START EXERCISE INPUTS

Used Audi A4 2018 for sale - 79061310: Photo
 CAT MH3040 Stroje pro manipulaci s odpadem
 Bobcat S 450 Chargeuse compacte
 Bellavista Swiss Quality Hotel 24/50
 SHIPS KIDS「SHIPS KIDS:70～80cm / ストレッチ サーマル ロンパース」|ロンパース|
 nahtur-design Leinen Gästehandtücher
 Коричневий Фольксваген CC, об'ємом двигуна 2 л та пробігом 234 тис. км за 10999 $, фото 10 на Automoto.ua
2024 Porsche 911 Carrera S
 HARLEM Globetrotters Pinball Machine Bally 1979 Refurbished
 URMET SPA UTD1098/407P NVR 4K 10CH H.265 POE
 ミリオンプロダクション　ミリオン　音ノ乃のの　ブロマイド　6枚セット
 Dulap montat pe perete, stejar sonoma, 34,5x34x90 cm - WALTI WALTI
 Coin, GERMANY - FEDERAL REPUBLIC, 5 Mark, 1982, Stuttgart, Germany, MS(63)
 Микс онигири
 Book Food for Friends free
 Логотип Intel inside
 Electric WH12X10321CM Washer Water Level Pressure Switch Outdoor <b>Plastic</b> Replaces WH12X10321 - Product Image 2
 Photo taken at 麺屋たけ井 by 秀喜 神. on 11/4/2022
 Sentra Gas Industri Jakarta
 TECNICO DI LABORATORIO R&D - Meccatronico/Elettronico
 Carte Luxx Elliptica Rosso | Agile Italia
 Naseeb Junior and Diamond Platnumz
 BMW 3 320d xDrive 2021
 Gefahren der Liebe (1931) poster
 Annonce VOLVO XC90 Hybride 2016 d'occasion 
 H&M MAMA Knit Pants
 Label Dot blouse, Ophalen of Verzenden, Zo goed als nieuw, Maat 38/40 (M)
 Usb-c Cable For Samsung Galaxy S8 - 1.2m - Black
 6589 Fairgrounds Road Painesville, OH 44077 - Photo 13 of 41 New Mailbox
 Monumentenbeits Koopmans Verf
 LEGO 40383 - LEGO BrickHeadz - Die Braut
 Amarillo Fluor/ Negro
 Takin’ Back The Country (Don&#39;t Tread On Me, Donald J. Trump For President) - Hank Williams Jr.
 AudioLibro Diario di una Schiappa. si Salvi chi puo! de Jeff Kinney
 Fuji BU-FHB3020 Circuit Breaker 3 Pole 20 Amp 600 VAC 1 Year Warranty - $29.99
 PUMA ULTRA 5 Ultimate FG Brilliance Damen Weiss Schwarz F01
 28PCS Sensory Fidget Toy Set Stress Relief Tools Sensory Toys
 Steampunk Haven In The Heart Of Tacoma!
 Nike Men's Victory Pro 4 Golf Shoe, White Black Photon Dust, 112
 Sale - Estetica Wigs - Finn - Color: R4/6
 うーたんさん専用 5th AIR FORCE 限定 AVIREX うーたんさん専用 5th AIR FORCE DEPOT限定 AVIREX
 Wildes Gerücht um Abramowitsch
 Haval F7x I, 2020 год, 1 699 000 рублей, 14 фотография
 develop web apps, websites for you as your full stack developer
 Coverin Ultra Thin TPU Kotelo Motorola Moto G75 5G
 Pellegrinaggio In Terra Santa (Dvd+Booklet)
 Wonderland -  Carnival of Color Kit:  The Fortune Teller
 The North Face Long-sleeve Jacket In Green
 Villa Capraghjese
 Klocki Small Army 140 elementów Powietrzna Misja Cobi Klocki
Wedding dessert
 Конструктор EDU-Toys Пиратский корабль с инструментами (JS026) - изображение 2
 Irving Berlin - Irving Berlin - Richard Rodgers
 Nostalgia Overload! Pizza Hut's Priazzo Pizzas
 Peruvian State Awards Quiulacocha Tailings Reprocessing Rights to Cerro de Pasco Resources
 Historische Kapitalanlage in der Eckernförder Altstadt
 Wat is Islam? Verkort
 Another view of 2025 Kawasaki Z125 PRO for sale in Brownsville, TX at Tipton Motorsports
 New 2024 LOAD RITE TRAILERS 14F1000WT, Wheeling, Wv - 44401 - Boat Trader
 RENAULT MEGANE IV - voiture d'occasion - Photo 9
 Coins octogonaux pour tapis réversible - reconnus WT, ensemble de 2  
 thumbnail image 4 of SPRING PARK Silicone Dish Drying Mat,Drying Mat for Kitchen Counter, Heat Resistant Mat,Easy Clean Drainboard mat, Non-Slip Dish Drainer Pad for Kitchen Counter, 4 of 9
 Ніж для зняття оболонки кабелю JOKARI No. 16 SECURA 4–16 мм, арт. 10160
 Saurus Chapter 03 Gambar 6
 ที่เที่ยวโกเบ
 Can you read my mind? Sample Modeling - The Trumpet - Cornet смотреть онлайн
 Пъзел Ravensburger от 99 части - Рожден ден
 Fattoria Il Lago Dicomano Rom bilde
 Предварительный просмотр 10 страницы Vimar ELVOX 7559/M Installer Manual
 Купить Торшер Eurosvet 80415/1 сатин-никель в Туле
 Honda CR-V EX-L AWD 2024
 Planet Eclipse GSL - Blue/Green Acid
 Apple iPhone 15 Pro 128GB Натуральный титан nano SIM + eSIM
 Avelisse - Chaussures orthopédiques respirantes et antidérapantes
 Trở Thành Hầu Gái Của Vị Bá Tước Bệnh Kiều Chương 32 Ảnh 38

END EXERCISE INPUTS

◆ PROBLEM DETAILS:
From the records above, transcribe without alteration every line from the one with "Steampunk Haven In The Heart Of Tacoma!" to the one with "Fattoria Il Lago Dicomano Rom bilde", inclusive.

◆ RESULT FOR THIS TASK:
 Steampunk Haven In The Heart Of Tacoma!
 Nike Men's Victory Pro 4 Golf Shoe, White Black Photon Dust, 112
 Sale - Estetica Wigs - Finn - Color: R4/6
 うーたんさん専用 5th AIR FORCE 限定 AVIREX うーたんさん専用 5th AIR FORCE DEPOT限定 AVIREX
 Wildes Gerücht um Abramowitsch
 Haval F7x I, 2020 год, 1 699 000 рублей, 14 фотография
 develop web apps, websites for you as your full stack developer
 Coverin Ultra Thin TPU Kotelo Motorola Moto G75 5G
 Pellegrinaggio In Terra Santa (Dvd+Booklet)
 Wonderland -  Carnival of Color Kit:  The Fortune Teller
 The North Face Long-sleeve Jacket In Green
 Villa Capraghjese
 Klocki Small Army 140 elementów Powietrzna Misja Cobi Klocki
Wedding dessert
 Конструктор EDU-Toys Пиратский корабль с инструментами (JS026) - изображение 2
 Irving Berlin - Irving Berlin - Richard Rodgers
 Nostalgia Overload! Pizza Hut's Priazzo Pizzas
 Peruvian State Awards Quiulacocha Tailings Reprocessing Rights to Cerro de Pasco Resources
 Historische Kapitalanlage in der Eckernförder Altstadt
 Wat is Islam? Verkort
 Another view of 2025 Kawasaki Z125 PRO for sale in Brownsville, TX at Tipton Motorsports
 New 2024 LOAD RITE TRAILERS 14F1000WT, Wheeling, Wv - 44401 - Boat Trader
 RENAULT MEGANE IV - voiture d'occasion - Photo 9
 Coins octogonaux pour tapis réversible - reconnus WT, ensemble de 2  
 thumbnail image 4 of SPRING PARK Silicone Dish Drying Mat,Drying Mat for Kitchen Counter, Heat Resistant Mat,Easy Clean Drainboard mat, Non-Slip Dish Drainer Pad for Kitchen Counter, 4 of 9
 Ніж для зняття оболонки кабелю JOKARI No. 16 SECURA 4–16 мм, арт. 10160
 Saurus Chapter 03 Gambar 6
 ที่เที่ยวโกเบ
 Can you read my mind? Sample Modeling - The Trumpet - Cornet смотреть онлайн
 Пъзел Ravensburger от 99 части - Рожден ден
 Fattoria Il Lago Dicomano Rom bilde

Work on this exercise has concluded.